Debido a su implicación en el proyecto del Tren Ligero de Jerusalén, varias organizaciones de la sociedad civil han presentado una demanda contra CAF. Frente a ello, LAB recuerda que el proyecto no respeta el derecho internacional y se reafirma en la posición que ha defendido desde el principio, favorable a la retirada del proyecto.
El sindicato LAB se ha opuesto desde el primer momento a la realización de este proyecto por parte de CAF y ha venido manifestando reiteradamente su posición. Nada más conocerse que la empresa estaba participando en la licitación del proyecto, LAB tomó la iniciativa y el comité de empresa solicitó su retirada de la licitación en enero de 2019. Más tarde, en agosto de 2019, sabiendo que CAF había ganado la licitación, reclamó a la empresa que renunciara a esos trabajos, y finalmente, el 8 de julio de 2025, cuando Sidenor decidió romper las relaciones con Israel, pidió a la dirección de CAF, una vez más, que, renunciara al proyecto.
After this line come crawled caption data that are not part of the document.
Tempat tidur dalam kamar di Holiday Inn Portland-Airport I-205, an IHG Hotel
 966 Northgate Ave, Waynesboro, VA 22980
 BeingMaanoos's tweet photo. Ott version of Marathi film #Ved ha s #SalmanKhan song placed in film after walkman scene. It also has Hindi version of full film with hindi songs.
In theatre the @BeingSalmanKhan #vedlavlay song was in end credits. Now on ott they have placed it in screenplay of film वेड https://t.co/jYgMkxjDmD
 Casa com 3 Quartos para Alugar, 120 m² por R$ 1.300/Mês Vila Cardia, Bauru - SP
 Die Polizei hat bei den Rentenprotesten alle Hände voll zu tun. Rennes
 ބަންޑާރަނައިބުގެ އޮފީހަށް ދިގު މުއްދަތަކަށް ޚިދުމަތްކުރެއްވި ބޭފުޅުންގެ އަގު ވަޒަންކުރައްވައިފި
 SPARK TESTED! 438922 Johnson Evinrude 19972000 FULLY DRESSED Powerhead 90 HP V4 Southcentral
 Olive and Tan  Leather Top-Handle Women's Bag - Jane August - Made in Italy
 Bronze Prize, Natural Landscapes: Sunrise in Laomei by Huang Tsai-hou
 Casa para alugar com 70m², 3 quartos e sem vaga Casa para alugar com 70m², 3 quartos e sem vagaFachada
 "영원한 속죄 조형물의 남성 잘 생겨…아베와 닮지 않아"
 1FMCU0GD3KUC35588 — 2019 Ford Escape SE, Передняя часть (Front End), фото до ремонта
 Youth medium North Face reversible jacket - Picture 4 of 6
La empresa, sin embargo, ha hecho oídos sordos una y otra vez a las exigencias de trabajadores, trabajadoras y sindicatos.
En los últimos años, las y los trabajadores de CAF han llevado a cabo numerosas iniciativas a favor de Palestina, como la paralización de la empresa durante el paro general, la recogida de fondos a favor del pueblo palestino, movilizaciones en protesta por el genocidio y la denuncia de la responsabilidad de la empresa en el proyecto y, por tanto, en la ocupación de tierras palestinas.
La denuncia contra CAF, que se ha hecho pública hoy, está relacionada con el informe presentado en 2025 por la Relatora Especial de Naciones Unidas sobre el Territorio Palestino Ocupado. En él se señalaba que varias empresas, entre ellas CAF, hacían negocio con la ocupación palestina.
Así las cosas, LAB reitera hoy lo que siempre ha defendido y reclama a la dirección de CAF que se retire de ese proyecto porque esa infraestructura se utilizará para conectar asentamientos israelíes que están construidos ilegalmente en suelo palestino. En la medida en que la propia ONU considera ilegal la ocupación de tierras en Jerusalén Este, el propio proyecto es ilegal en términos de derecho internacional.
LAB quiere mostrar su solidaridad con el pueblo palestino y denuncia la complicidad de las empresas de Euskal Herria en la ocupación de tierras, la colonización y el genocidio, porque no es lícito hacer negocio a costa de un genocidio.
Por último, LAB quiere expresar su preocupación por las consecuencias que la falta de escrúpulos de la patronal pueda tener en otros proyectos de futuro y el perjuicio que ello pueda causar a las y los trabajadores. La decisión de cooperar con Israel, que CAF figure en la lista negra de la ONU —entre las empresas que colaboran con el colonialismo— y, por último, esta denuncia contra la dirección de la empresa no son el escaparate más adecuado para una empresa como CAF de cara a posibles nuevos proyectos.